# [WHAT IS REQUIRED]
Could you give every record again, exactly as it reads?

Stored dataset items

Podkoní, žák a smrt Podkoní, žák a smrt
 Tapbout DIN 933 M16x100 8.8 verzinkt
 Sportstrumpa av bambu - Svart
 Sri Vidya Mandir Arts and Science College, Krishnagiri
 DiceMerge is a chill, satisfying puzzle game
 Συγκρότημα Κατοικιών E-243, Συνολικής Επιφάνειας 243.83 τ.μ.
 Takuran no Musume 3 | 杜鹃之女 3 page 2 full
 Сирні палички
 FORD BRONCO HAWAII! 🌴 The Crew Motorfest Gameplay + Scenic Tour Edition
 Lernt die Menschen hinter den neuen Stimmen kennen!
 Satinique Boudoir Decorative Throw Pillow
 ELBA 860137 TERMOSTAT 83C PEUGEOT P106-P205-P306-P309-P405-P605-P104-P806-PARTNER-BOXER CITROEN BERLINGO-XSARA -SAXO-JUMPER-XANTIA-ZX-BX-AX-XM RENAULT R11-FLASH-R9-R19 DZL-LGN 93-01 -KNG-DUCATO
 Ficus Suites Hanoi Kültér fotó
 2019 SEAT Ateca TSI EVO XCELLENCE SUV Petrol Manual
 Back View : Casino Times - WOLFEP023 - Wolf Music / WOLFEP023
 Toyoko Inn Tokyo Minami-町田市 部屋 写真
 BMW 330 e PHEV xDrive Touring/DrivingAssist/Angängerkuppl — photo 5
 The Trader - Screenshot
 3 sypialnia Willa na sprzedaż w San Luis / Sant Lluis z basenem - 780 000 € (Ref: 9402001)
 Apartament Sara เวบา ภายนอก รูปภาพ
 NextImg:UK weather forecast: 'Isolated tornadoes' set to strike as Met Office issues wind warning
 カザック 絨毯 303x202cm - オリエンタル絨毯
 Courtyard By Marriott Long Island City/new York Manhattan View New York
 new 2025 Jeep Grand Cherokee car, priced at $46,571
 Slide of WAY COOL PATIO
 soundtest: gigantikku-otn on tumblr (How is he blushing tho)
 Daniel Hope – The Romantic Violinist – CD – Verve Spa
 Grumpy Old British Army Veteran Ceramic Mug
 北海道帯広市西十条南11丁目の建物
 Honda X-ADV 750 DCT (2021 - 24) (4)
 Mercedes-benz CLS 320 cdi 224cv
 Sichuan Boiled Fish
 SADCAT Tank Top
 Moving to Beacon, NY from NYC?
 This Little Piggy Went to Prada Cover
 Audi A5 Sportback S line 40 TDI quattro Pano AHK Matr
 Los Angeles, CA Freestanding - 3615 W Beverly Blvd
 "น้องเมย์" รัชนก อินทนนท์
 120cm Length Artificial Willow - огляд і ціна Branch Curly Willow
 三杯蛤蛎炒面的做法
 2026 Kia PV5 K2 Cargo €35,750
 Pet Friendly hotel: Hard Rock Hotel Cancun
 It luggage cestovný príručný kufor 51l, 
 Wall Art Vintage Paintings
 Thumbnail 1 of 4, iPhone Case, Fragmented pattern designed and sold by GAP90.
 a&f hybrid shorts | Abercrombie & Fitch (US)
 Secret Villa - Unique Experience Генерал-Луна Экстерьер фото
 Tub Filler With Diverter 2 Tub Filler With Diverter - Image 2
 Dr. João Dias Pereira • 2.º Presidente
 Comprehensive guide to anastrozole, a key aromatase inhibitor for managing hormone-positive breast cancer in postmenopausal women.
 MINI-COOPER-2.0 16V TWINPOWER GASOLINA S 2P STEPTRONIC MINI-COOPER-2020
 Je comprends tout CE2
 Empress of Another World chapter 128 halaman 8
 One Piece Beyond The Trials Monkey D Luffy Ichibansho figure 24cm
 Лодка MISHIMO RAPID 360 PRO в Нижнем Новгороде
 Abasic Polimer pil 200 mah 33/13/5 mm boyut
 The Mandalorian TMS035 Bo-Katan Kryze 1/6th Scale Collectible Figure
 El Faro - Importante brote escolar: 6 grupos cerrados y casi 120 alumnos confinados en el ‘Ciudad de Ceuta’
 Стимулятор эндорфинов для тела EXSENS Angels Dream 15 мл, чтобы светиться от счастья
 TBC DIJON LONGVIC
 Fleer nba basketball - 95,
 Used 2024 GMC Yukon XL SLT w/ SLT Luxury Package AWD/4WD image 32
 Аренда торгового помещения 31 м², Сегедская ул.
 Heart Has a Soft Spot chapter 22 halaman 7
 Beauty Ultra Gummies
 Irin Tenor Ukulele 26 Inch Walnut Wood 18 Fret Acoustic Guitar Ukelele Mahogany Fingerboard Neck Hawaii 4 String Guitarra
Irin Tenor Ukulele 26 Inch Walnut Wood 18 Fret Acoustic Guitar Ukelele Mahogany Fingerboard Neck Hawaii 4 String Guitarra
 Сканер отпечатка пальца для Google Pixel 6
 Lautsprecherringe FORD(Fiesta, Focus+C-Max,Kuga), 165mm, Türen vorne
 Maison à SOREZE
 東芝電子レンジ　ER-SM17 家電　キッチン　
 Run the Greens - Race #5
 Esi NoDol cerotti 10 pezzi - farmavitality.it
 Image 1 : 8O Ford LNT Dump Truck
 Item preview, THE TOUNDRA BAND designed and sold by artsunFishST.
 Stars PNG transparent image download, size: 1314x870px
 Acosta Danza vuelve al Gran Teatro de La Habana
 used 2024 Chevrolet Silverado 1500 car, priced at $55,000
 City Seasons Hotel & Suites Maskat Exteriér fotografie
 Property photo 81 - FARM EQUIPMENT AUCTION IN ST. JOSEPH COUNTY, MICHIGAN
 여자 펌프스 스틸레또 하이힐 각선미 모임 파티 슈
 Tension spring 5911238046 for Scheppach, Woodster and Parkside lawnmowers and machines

# [SOLUTION]
Podkoní, žák a smrt Podkoní, žák a smrt
 Tapbout DIN 933 M16x100 8.8 verzinkt
 Sportstrumpa av bambu - Svart
 Sri Vidya Mandir Arts and Science College, Krishnagiri
 DiceMerge is a chill, satisfying puzzle game
 Συγκρότημα Κατοικιών E-243, Συνολικής Επιφάνειας 243.83 τ.μ.
 Takuran no Musume 3 | 杜鹃之女 3 page 2 full
 Сирні палички
 FORD BRONCO HAWAII! 🌴 The Crew Motorfest Gameplay + Scenic Tour Edition
 Lernt die Menschen hinter den neuen Stimmen kennen!
 Satinique Boudoir Decorative Throw Pillow
 ELBA 860137 TERMOSTAT 83C PEUGEOT P106-P205-P306-P309-P405-P605-P104-P806-PARTNER-BOXER CITROEN BERLINGO-XSARA -SAXO-JUMPER-XANTIA-ZX-BX-AX-XM RENAULT R11-FLASH-R9-R19 DZL-LGN 93-01 -KNG-DUCATO
 Ficus Suites Hanoi Kültér fotó
 2019 SEAT Ateca TSI EVO XCELLENCE SUV Petrol Manual
 Back View : Casino Times - WOLFEP023 - Wolf Music / WOLFEP023
 Toyoko Inn Tokyo Minami-町田市 部屋 写真
 BMW 330 e PHEV xDrive Touring/DrivingAssist/Angängerkuppl — photo 5
 The Trader - Screenshot
 3 sypialnia Willa na sprzedaż w San Luis / Sant Lluis z basenem - 780 000 € (Ref: 9402001)
 Apartament Sara เวบา ภายนอก รูปภาพ
 NextImg:UK weather forecast: 'Isolated tornadoes' set to strike as Met Office issues wind warning
 カザック 絨毯 303x202cm - オリエンタル絨毯
 Courtyard By Marriott Long Island City/new York Manhattan View New York
 new 2025 Jeep Grand Cherokee car, priced at $46,571
 Slide of WAY COOL PATIO
 soundtest: gigantikku-otn on tumblr (How is he blushing tho)
 Daniel Hope – The Romantic Violinist – CD – Verve Spa
 Grumpy Old British Army Veteran Ceramic Mug
 北海道帯広市西十条南11丁目の建物
 Honda X-ADV 750 DCT (2021 - 24) (4)
 Mercedes-benz CLS 320 cdi 224cv
 Sichuan Boiled Fish
 SADCAT Tank Top
 Moving to Beacon, NY from NYC?
 This Little Piggy Went to Prada Cover
 Audi A5 Sportback S line 40 TDI quattro Pano AHK Matr
 Los Angeles, CA Freestanding - 3615 W Beverly Blvd
 "น้องเมย์" รัชนก อินทนนท์
 120cm Length Artificial Willow - огляд і ціна Branch Curly Willow
 三杯蛤蛎炒面的做法
 2026 Kia PV5 K2 Cargo €35,750
 Pet Friendly hotel: Hard Rock Hotel Cancun
 It luggage cestovný príručný kufor 51l, 
 Wall Art Vintage Paintings
 Thumbnail 1 of 4, iPhone Case, Fragmented pattern designed and sold by GAP90.
 a&f hybrid shorts | Abercrombie & Fitch (US)
 Secret Villa - Unique Experience Генерал-Луна Экстерьер фото
 Tub Filler With Diverter 2 Tub Filler With Diverter - Image 2
 Dr. João Dias Pereira • 2.º Presidente
 Comprehensive guide to anastrozole, a key aromatase inhibitor for managing hormone-positive breast cancer in postmenopausal women.
 MINI-COOPER-2.0 16V TWINPOWER GASOLINA S 2P STEPTRONIC MINI-COOPER-2020
 Je comprends tout CE2
 Empress of Another World chapter 128 halaman 8
 One Piece Beyond The Trials Monkey D Luffy Ichibansho figure 24cm
 Лодка MISHIMO RAPID 360 PRO в Нижнем Новгороде
 Abasic Polimer pil 200 mah 33/13/5 mm boyut
 The Mandalorian TMS035 Bo-Katan Kryze 1/6th Scale Collectible Figure
 El Faro - Importante brote escolar: 6 grupos cerrados y casi 120 alumnos confinados en el ‘Ciudad de Ceuta’
 Стимулятор эндорфинов для тела EXSENS Angels Dream 15 мл, чтобы светиться от счастья
 TBC DIJON LONGVIC
 Fleer nba basketball - 95,
 Used 2024 GMC Yukon XL SLT w/ SLT Luxury Package AWD/4WD image 32
 Аренда торгового помещения 31 м², Сегедская ул.
 Heart Has a Soft Spot chapter 22 halaman 7
 Beauty Ultra Gummies
 Irin Tenor Ukulele 26 Inch Walnut Wood 18 Fret Acoustic Guitar Ukelele Mahogany Fingerboard Neck Hawaii 4 String Guitarra
Irin Tenor Ukulele 26 Inch Walnut Wood 18 Fret Acoustic Guitar Ukelele Mahogany Fingerboard Neck Hawaii 4 String Guitarra
 Сканер отпечатка пальца для Google Pixel 6
 Lautsprecherringe FORD(Fiesta, Focus+C-Max,Kuga), 165mm, Türen vorne
 Maison à SOREZE
 東芝電子レンジ　ER-SM17 家電　キッチン　
 Run the Greens - Race #5
 Esi NoDol cerotti 10 pezzi - farmavitality.it
 Image 1 : 8O Ford LNT Dump Truck
 Item preview, THE TOUNDRA BAND designed and sold by artsunFishST.
 Stars PNG transparent image download, size: 1314x870px
 Acosta Danza vuelve al Gran Teatro de La Habana
 used 2024 Chevrolet Silverado 1500 car, priced at $55,000
 City Seasons Hotel & Suites Maskat Exteriér fotografie
 Property photo 81 - FARM EQUIPMENT AUCTION IN ST. JOSEPH COUNTY, MICHIGAN
 여자 펌프스 스틸레또 하이힐 각선미 모임 파티 슈
 Tension spring 5911238046 for Scheppach, Woodster and Parkside lawnmowers and machines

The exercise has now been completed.